Ella baja por la Tucholsky Strasse, atraviesa el río Spree y echa una mirada a las personas que se reúnen en las puertas de las tiendas de comida rápida de la estación de metro de Friedrichstrasse. Luego dobla en la siguiente calle a la izquierda y llega frente al Museo de Pérgamo; compra una entrada y lo busca entre los visitantes que contemplan el altar del templo de Pérgamo y la puerta de Astarté de Babilonia, pero no lo encuentra. Una voz grabada anuncia por los altoparlantes que el museo se cerrará en algunos minutos y ella sale y camina hasta el Berliner Dom, la catedral de la ciudad; piensa que, si se hubiera quedado junto a las puertas del museo mientras los visitantes salían podría haber constatado que él no estaba allí, pero se sorprende pensando que quizás no quiera encontrarlo tan rápido. Entonces recuerda algo que él ha dicho un día, quizás después de la primera vez que jugaran el juego, o la segunda: que el día que no se encuentren todo habrá terminado para los dos, que cada uno regresará por su cuenta al piso de Altona para recoger sus cosas y perderse de vista. Ella se da cuenta de que va a llorar porque siente que se inunda por dentro, con el agua cayéndole por la nariz y nublándole los ojos, pero se contiene y regresa al Deutsches Historisches Museum porque ha leído que allí hay una exhibición dedicada a la literatura alemana posterior a 1945 y piensa que a él puede interesarle; al comenzar a pasearse por las pilas de memorabilia y basura acumuladas en las paredes y en los rincones –de otra forma, ¿cómo hacer materia de exhibición una actividad que carece de materialidad y va hacia la nada?– ella se da cuenta de que la mayor parte de los escritores de la exhibición están calvos y se han metido en uno o dos problemas a lo largo de su vida. Una vez escuchó que él decía que, si se quita a todos los que fueron nacionalsocialistas, en la literatura alemana del siglo XX quedan dos escritores, y los dos son malos, pero ella no está segura de que esto sea verdad porque ella no sabe de libros, aunque recuerda que en una encuesta el cincuenta y cinco por ciento de los interrogados sostuvo que la razón principal para sentirse orgullosos de ser alemanes era la literatura nacional; claro que el sesenta y tres por ciento pensaba que esa razón era la calidad de los productos alemanes, lo que –visto desde cierto punto de vista, piensa– hace pensar que la población alemana está más satisfecha con sus hornos de microondas que con sus escritores.

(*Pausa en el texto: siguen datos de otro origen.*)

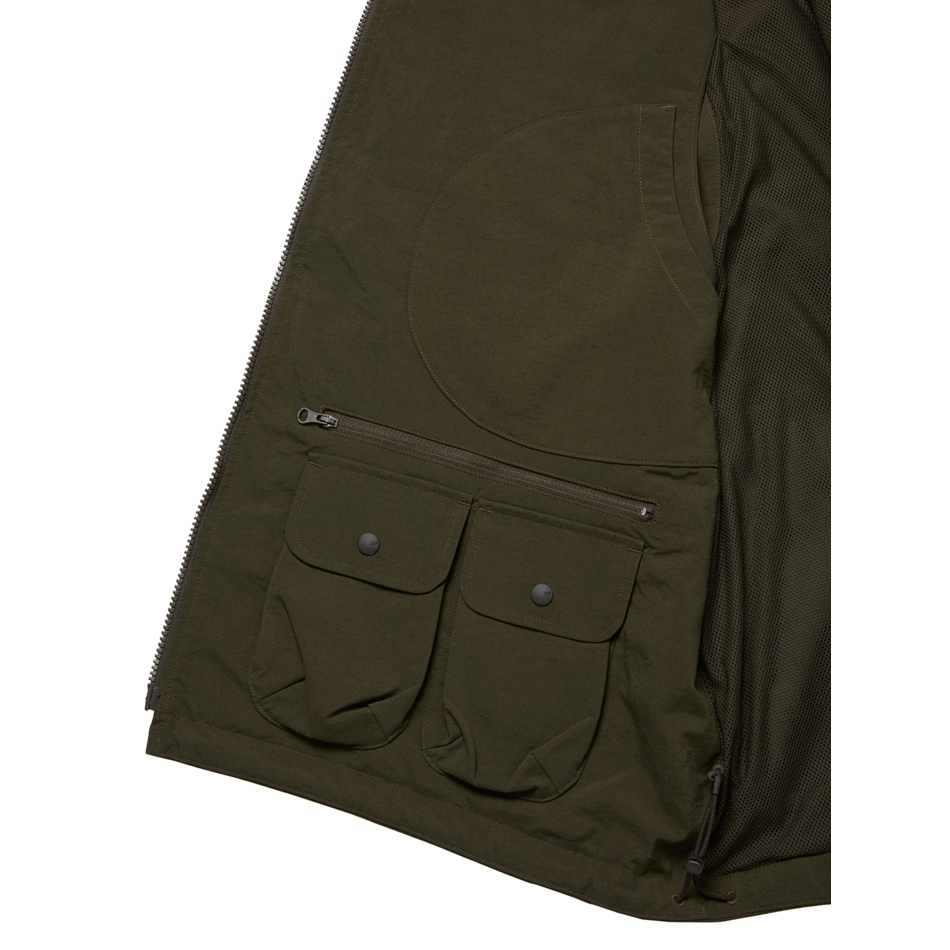 DAIWA PIER39 / ダイワピア39 | TECH BUSH VEST - Brown Khaki | 通販
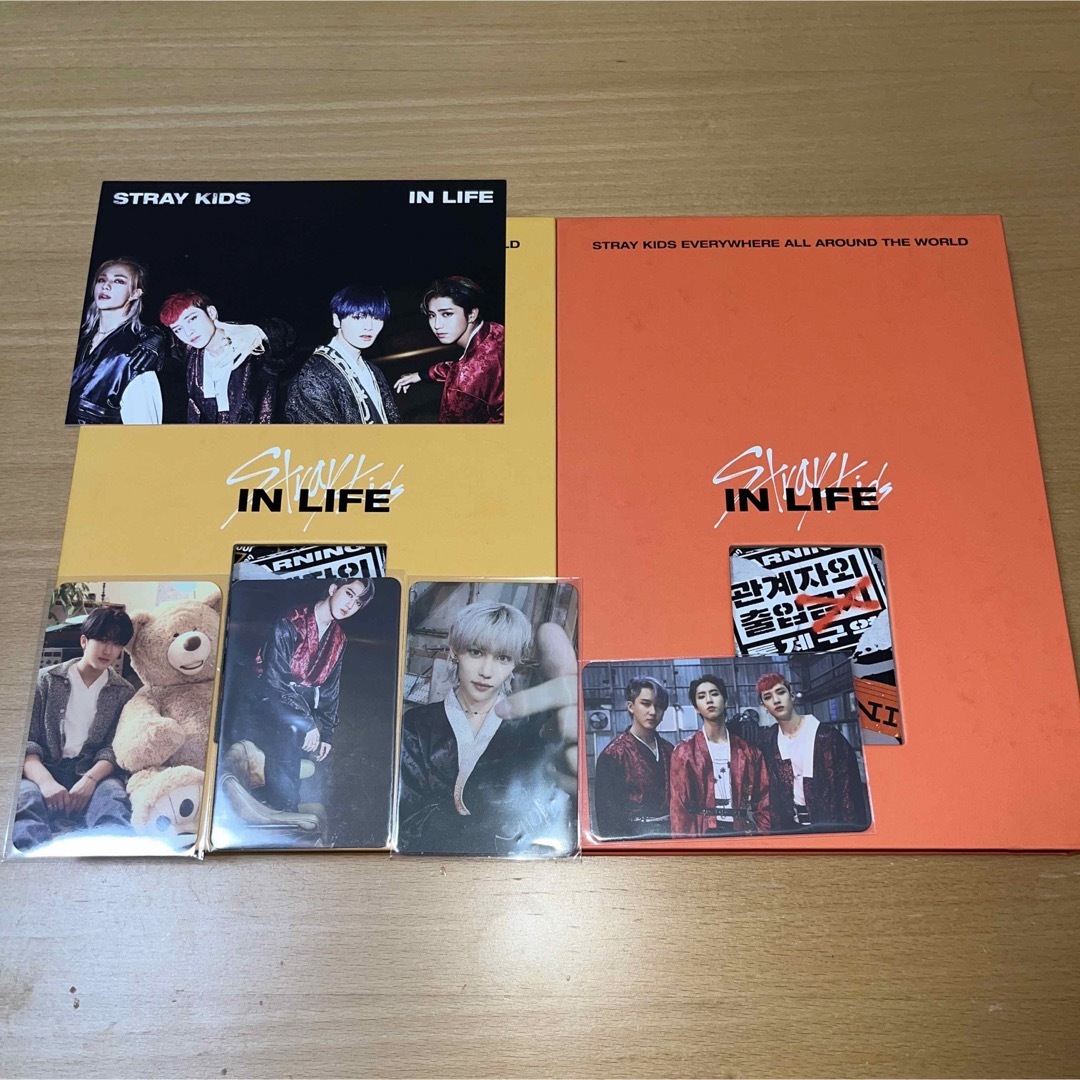 Stray Kids IN生 限定盤 新品未開封 CDアルバム スキズ - K-POP/アジア Stray Kids IN生 限定盤 新品未開封 CDアルバム スキズ - K-POP/アジア
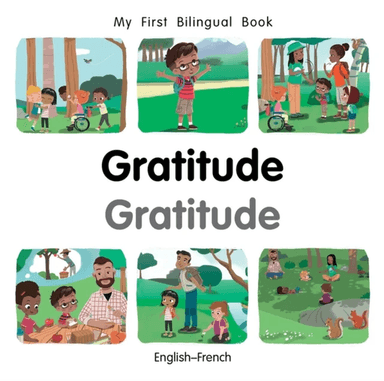 My First Bilingual Book-Gratitude (English-French) av Patricia Billings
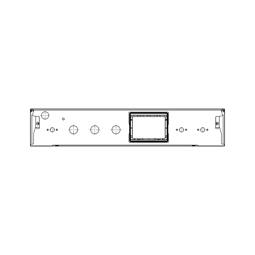 control panel, white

Ella recorre rápidamente la exhibición, que de todas formas está prácticamente vacía, y sale a la calle Unter den Linden; aunque se han puesto de acuerdo de antemano para no visitarla, pasea hasta la Puerta de Brandenburgo y se detiene a mirar a los grupos de turistas que se apiñan a su alrededor, ya sin buscarlo a él. Uno de esos grupos observa una pantomima y ella se les une. Se trata de dos mimos. El primero, vestido a la manera de un oficial nazi, azota al segundo, que lleva unos harapos a los que va cosida una estrella de David; cuando el primero lo azota, el segundo suele tirar hacia abajo de la barba postiza que lleva y eso hace reír a los espectadores; a continuación, se refugia detrás de unas cajas y regresa vestido como un oficial del ejército estadounidense y trayendo en sus brazos una gran bomba que finge meter al mimo nacionalsocialista por el culo; cada vez que lo hace, el nazi hace el “Sieg Heil”, el saludo nacionalsocialista; después de un rato, el mimo que interpreta al oficial norteamericano suelta la bomba y acaricia en la cabeza al nazi, al que regala un puñado de dólares antes de marcharse tras las cajas; el mimo nazi se pone de pie, primero atemorizado y luego con más resolución; se quita los símbolos nacionalsocialistas de la indumentaria y comienza a fumar un habano hasta que ve al segundo mimo, que regresa de detrás de las cajas disfrazado de negro; el antiguo mimo nazi empieza a pegarle como hiciera con el judío y el público aplaude. Ella se pregunta si la pantomima es antinazi y crítica con la forma en que la historia alemana a menudo parece repetirse o si su mensaje es otro. Está a punto de marcharse cuando el mimo nazi se le acerca y le pregunta en inglés: “¿Qué das al artista alemán?” Ella suelta una moneda, que el mimo nazi mira un momento y luego se guarda en el bolsillo. “Supongo que no te ha gustado”, dice y se da la vuelta. Ella piensa que pensaba que los mimos no hablan, pero en ese momento no recuerda si los que no hablan son los mimos o los clowns.

 

 

Él comienza a buscarla a la mañana siguiente: primero entra en el Jüdisches Museum, el ciertamente impresionante museo judío diseñado por el arquitecto Daniel Libeskind, que ha visitado ya con ella poco después de su inauguración; pero ella, que es una amante de la arquitectura contemporánea, no está allí, y él continúa por la E.T.A. Hoffmann-Promenade y luego por Friedrichstrasse y la Leipziger Strasse hasta Postdamer Platz. Él ve: un grupo de hare krishnas que entra al Sony Center, un joven sentado en el McDonald’s que come una hamburguesa y le da patatas en la boca a una anciana en silla de ruedas, una pareja de chinos o japoneses que le pide con señas que les haga una fotografía; el chino o japonés le hace entender por señas que quiere que en ella salgan su mujer y él recortados sobre el fondo de la cúpula iluminada, pero luego le señala también la fuente, la fachada del cine en tres dimensiones y el McDonald’s. Él no sabe cómo hacer la fotografía que el chino o japonés le pide y, por eso, les hace un retrato en el que sólo se ven sus rostros, sonrientes o tal vez sólo expectantes; cuando ha terminado, entrega la cámara al chino o japonés que mira por un momento en la pantalla del aparato y luego borra la fotografía y camina hasta un grupo de adolescentes inglesas, a las que les pide que le hagan otra; les hace las mismas señas y, cuando las inglesas le devuelven la cámara, borra la fotografía y se dirige a otra persona.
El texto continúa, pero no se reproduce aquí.